Congratulations Tony. We will get there someday...

We did already come to the conclusion, after moving our ''stuff'' into the apartment and returning to clean the other house that the big house didn''t feel like home anymore. That was only 2 days after selling it. We decided that home is where we are, and our familiar ''things''. I appreciate so much the feedback. This, I hope, is the roughest stretch we have to go through, getting rid of the big stuff. The stuff that is typically defined as marks of success. 

Thanks again,
Brad


----------



## mhancock (Jan 23, 2003)

I can certainly relate to the problem of living in Idaho. I live in Idaho with my wife and two daughters.

We are putting our house on the market in about two weeks and will be moving to the Gulf Coast (Houston area) where I will do some part time contract work and shop for a boat. We plan to take lots of courses this summer, do a bit of work to pick up a little cash, and commission the boat with the idea of leaving for a two year cruise in December.

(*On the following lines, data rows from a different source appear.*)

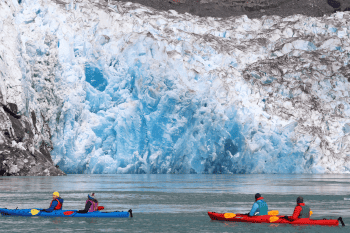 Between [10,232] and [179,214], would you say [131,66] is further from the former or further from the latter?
[10,232]

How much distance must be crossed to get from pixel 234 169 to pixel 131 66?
1565 cm

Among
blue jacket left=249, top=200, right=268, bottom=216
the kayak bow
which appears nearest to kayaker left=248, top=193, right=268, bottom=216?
blue jacket left=249, top=200, right=268, bottom=216

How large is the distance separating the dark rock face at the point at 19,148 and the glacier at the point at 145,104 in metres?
1.48

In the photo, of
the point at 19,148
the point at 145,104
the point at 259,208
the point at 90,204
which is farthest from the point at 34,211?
the point at 145,104

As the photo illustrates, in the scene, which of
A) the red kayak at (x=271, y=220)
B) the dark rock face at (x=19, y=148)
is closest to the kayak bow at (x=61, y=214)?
the red kayak at (x=271, y=220)

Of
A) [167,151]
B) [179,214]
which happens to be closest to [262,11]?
[167,151]

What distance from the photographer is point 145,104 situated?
4991 cm

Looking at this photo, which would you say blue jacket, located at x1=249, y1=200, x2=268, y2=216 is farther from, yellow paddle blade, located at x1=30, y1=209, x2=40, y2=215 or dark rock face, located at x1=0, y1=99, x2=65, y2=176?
dark rock face, located at x1=0, y1=99, x2=65, y2=176

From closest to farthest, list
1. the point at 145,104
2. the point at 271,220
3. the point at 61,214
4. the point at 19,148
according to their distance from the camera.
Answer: the point at 271,220
the point at 61,214
the point at 19,148
the point at 145,104

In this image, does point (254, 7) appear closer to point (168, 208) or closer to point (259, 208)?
point (168, 208)

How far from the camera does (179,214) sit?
17.7 metres

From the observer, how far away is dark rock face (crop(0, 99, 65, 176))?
131 ft

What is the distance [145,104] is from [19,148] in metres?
14.6

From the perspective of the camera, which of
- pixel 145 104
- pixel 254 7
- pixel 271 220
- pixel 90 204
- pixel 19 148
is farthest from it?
pixel 254 7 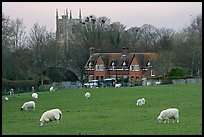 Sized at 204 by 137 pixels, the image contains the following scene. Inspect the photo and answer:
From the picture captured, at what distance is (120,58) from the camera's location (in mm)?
93750

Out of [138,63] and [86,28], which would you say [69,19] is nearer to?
[86,28]

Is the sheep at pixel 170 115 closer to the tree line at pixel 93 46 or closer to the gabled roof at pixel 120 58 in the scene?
the tree line at pixel 93 46

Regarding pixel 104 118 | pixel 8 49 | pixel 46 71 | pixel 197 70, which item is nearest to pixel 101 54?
pixel 46 71

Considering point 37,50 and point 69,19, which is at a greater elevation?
point 69,19

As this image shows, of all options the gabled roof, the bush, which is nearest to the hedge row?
the bush

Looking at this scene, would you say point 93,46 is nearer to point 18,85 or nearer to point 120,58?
point 120,58

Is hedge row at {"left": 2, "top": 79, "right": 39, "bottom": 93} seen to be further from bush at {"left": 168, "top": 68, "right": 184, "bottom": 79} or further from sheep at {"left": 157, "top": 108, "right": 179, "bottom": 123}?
sheep at {"left": 157, "top": 108, "right": 179, "bottom": 123}

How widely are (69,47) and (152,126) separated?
7514 cm

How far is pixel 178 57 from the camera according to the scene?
3039 inches

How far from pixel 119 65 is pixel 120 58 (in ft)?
4.72

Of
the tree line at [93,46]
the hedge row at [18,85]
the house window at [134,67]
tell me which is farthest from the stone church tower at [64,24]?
the hedge row at [18,85]

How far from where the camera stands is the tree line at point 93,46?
6519 cm

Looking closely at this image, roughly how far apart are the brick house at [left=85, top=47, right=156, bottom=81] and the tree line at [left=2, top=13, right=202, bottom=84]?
2.00 metres

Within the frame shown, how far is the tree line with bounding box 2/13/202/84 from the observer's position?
65188 millimetres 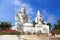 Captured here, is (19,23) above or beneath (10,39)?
above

I have sold a bunch of junk and given away lots more. It is just stuff like so much flotsam that accumulates. 

I am 53 years old with a couple of younger kids (10 and 14), and am facing the reality of getting older. My response to that reality is to do it now while I can. Most people, especially those at work, think that I have totally lost my mind. Perhaps. I can not say that it is worth it. That will come in retrospect. Whatever happens we will have at least broken the work/eat/tv/sleep cycle.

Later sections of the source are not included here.